Begin at the line containing "湖南專升本五大熱門專業(yè" and copy exactly through the last line of the listing, skipping every picture.

#### Recorded information
• • • • • • •

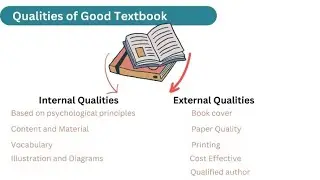 Meaning of Text-book | Selection of a Good Textbook | Understanding Disciplines and subjects | B.Ed.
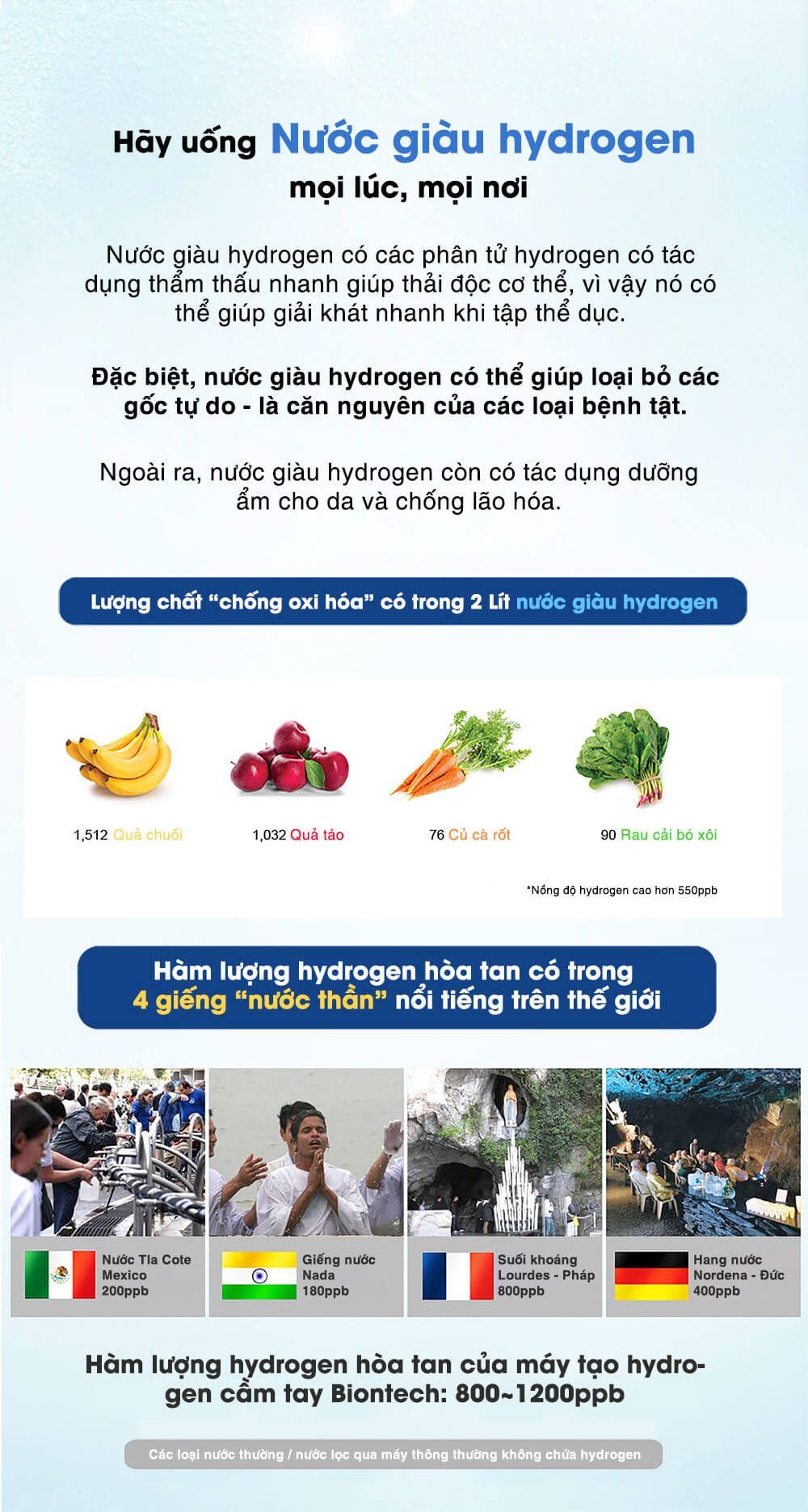 lợi ích của việc uống nước giàu hydrogen mỗi ngày lợi ích của việc uống nước giàu hydrogen mỗi ngày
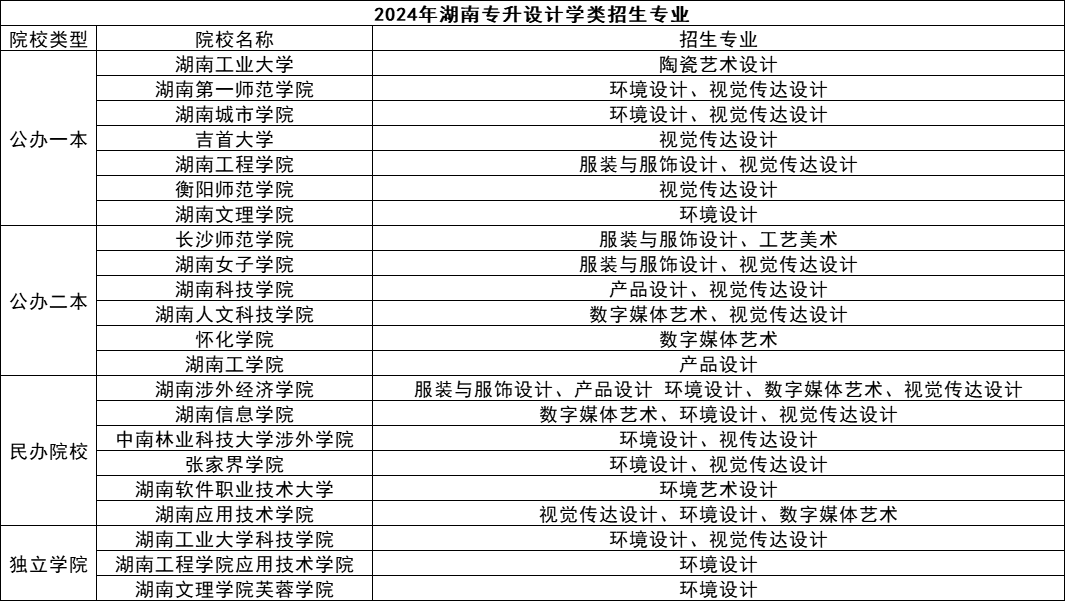 湖南專升本五大熱門專業(yè)盤點(diǎn)，快來(lái)看看有你心儀的嗎？(圖3)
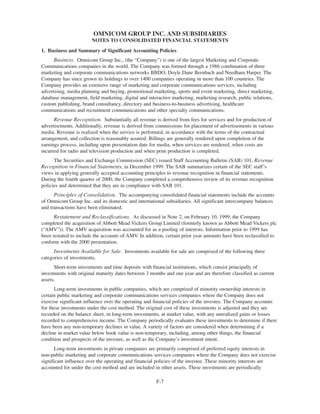 omnicare annual reports  2000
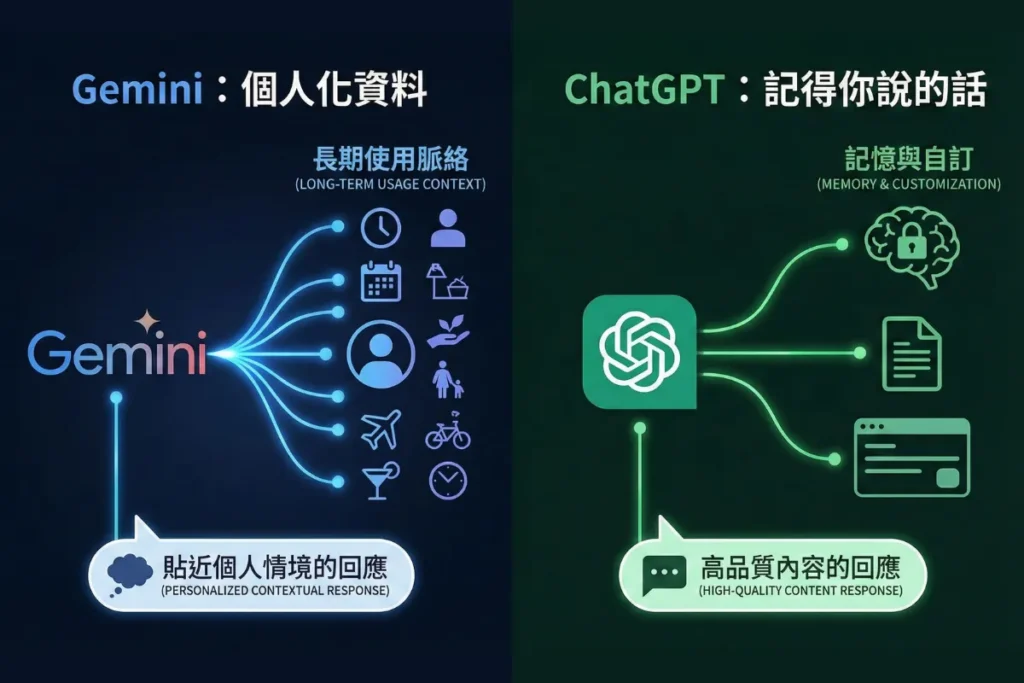 Gemini、ChatGPT 個人化進化方向差異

• • • • • • •

#### Solution
 湖南專升本五大熱門專業(yè)盤點(diǎn)，快來(lái)看看有你心儀的嗎？(圖3)
 omnicare annual reports  2000
 Gemini、ChatGPT 個人化進化方向差異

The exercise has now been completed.